Nonresidents could trap in Minnesota under new bills
St. Paul – Wolves and invasive species have been the dominant themes thus far at the Legislature, but other topics are on the table, too.
• Allowing nonresidents of the state to trap furbearers in Minnesota.
Sen. Tom Saxhaug, DFL-Grand Rapids, and Rep. Ron Shimanski, R-Silver Lake, are carrying the bills – SF 1585 and HF 1966. State law now prevents nonresidents from trapping in Minnesota, unless they're on land they own.
Saxhaug and Shimanski's bill would allow nonresidents to trap anywhere in the state, so long as they bought a $200 license.
Shawn Johnson, Minnesota Trappers Association president, said nonresident trapping "is probably the most divisive issue with trappers in the state of Minnesota."
The group recently surveyed its members about the issue. Slightly more than half opposed allowing nonresidents to trap in the state.
"In a nutshell, the position of the MTA is that we have no position," Johnson said.
In general, he said, trappers who live on state borders or in the southern part of the state, where there is little public land, are more supportive of allowing nonresidents than are trappers in the northern part of the state, where there is far more public land.
Said Bob Meier, legislative affairs director for the DNR: "We aren't in a position to allow that until we get some better controls in place on it. The biggest concern is the pressure it would put on the furbearers."
• The DNR's draft game and fish bill, which doesn't have a bill number or authors yet, includes a number of provisions.
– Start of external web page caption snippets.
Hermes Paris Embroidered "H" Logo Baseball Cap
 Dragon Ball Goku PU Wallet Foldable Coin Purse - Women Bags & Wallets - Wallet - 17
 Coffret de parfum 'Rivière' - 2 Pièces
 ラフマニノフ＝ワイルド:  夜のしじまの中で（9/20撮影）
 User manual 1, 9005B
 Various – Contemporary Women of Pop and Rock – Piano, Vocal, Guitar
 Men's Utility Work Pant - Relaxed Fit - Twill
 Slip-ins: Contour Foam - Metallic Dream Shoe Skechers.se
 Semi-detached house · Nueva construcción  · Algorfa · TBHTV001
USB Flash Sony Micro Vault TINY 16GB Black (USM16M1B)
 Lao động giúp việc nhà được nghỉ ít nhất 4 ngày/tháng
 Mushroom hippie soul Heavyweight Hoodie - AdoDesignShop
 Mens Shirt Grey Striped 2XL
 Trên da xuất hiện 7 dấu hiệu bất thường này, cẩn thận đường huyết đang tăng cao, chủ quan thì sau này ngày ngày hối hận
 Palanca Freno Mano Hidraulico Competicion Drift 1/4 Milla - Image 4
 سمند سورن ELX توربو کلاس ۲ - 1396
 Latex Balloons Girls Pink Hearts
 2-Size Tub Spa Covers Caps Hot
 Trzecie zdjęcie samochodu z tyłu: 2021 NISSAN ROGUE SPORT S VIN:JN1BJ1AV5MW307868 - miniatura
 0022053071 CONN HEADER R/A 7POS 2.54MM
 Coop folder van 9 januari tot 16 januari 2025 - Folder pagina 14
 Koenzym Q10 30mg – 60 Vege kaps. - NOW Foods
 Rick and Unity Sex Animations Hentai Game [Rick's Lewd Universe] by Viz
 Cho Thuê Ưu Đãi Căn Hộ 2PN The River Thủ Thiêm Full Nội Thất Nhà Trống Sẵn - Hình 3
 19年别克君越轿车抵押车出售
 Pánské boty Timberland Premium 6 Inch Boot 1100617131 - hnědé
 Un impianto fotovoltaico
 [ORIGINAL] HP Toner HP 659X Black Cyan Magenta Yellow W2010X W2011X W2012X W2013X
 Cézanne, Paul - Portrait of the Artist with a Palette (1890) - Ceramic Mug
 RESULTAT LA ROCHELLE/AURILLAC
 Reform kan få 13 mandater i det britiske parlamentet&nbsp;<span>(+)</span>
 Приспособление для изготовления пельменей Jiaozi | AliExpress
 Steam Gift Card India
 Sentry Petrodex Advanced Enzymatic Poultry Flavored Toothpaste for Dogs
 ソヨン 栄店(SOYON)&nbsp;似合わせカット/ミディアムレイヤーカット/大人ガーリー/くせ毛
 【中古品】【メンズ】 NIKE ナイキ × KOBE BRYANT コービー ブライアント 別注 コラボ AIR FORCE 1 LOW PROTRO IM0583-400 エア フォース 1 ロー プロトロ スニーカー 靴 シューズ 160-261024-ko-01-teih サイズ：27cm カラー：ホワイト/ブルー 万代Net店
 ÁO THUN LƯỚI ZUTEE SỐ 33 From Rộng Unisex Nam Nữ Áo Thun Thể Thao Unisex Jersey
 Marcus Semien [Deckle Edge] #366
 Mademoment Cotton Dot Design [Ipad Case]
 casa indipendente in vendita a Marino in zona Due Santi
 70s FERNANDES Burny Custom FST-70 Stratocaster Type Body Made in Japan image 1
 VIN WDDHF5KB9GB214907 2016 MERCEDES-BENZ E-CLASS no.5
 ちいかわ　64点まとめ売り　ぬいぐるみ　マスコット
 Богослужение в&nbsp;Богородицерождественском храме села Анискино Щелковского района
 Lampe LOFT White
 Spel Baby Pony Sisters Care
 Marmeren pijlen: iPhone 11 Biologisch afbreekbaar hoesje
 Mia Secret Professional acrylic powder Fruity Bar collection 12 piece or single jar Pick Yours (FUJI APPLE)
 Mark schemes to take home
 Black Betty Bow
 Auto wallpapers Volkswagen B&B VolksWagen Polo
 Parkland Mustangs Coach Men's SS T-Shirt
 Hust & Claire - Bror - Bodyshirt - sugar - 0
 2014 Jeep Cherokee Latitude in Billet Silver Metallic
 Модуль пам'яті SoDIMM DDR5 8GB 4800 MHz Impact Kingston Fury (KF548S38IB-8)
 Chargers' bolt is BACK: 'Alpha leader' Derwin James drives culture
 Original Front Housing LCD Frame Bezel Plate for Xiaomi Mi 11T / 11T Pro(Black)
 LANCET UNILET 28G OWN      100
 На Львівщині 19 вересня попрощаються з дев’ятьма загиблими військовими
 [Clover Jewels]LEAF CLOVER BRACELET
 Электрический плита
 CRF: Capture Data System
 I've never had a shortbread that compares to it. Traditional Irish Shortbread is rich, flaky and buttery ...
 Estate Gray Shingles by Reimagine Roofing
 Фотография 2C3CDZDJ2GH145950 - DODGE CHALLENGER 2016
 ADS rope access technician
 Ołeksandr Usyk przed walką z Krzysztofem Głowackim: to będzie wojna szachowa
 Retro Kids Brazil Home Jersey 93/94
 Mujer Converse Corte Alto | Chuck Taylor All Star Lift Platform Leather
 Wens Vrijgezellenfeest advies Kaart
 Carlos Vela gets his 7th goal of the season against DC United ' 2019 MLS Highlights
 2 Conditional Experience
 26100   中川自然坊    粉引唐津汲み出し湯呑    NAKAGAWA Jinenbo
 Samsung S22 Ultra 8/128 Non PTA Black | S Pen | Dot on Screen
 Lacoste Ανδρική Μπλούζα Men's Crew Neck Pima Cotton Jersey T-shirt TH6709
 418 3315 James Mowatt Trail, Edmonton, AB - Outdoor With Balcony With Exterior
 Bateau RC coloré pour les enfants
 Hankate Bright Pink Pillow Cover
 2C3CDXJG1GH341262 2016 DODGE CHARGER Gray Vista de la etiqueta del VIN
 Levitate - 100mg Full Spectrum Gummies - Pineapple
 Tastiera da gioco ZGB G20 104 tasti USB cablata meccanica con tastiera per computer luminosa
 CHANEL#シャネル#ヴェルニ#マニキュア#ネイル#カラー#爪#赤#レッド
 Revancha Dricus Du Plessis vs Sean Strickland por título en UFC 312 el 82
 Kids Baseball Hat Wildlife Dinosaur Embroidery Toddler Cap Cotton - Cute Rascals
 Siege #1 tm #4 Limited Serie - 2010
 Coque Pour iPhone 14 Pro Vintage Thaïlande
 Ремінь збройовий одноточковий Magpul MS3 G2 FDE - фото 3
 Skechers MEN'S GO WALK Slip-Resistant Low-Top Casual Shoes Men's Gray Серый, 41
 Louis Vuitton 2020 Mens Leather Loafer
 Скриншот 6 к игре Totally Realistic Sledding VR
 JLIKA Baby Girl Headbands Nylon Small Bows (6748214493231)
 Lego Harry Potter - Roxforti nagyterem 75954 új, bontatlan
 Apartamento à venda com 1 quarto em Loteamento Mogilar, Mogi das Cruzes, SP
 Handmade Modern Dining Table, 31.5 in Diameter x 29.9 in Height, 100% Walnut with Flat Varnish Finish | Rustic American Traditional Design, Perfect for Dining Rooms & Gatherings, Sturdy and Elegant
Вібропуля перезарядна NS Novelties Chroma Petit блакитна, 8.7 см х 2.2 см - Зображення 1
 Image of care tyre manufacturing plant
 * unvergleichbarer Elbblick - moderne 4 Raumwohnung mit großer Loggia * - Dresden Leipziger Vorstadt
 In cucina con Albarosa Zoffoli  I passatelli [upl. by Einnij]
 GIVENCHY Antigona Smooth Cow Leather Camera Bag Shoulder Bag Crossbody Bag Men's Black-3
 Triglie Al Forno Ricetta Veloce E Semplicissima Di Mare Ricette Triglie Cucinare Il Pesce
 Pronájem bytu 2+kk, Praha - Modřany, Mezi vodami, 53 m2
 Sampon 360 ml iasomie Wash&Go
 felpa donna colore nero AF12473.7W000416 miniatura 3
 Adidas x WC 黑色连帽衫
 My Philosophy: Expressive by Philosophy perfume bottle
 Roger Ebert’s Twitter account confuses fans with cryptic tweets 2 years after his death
The bill would increase penalties on people who take trophy animals illegally. Anyone who kills a deer that scores higher than 170 would have his big-game license revoked for three years. Additionally, anyone convicted of hunting deer with the aid or use of bait wouldn't be able to buy a deer license for one year after the conviction.
The bill also attempts to clarify the state's deer-baiting law.
It also contains a number of provisions related to a wolf-hunting and trapping season in Minnesota, including a prohibition on party hunting for wolves.
The bill also outlines the ways in which trappers would be able to use snares when targeting wolves.
• Rep. Denny McNamara, R-Hastings and chair of the House environment committee, has said he'll hear Rep. Rick Hansen's proposal to spend $25 million in bond proceeds for Reinvest in Minnesota. Hansen, DFL-South St. Paul, introduced the bill last year.
Gov. Mark Dayton didn't include RIM in his bonding proposal.
• HF 2024, authored by Rep. David Dill, DFL-Crane Lake, would use $13 million in bond proceeds to develop the Lake Vermilion and Soudan Underground Mine state parks. Sen. Tom Bakk, DFL-Cook, has a companion bill (SF 1615).
• Sen. Bill Ingebrigtsen, R-Alexandria and chair of the Environment and Natural Resources Committee, has introduced SF 1632, which is the bill that carries the Lessard-Sams Outdoor Heritage Council recommendations.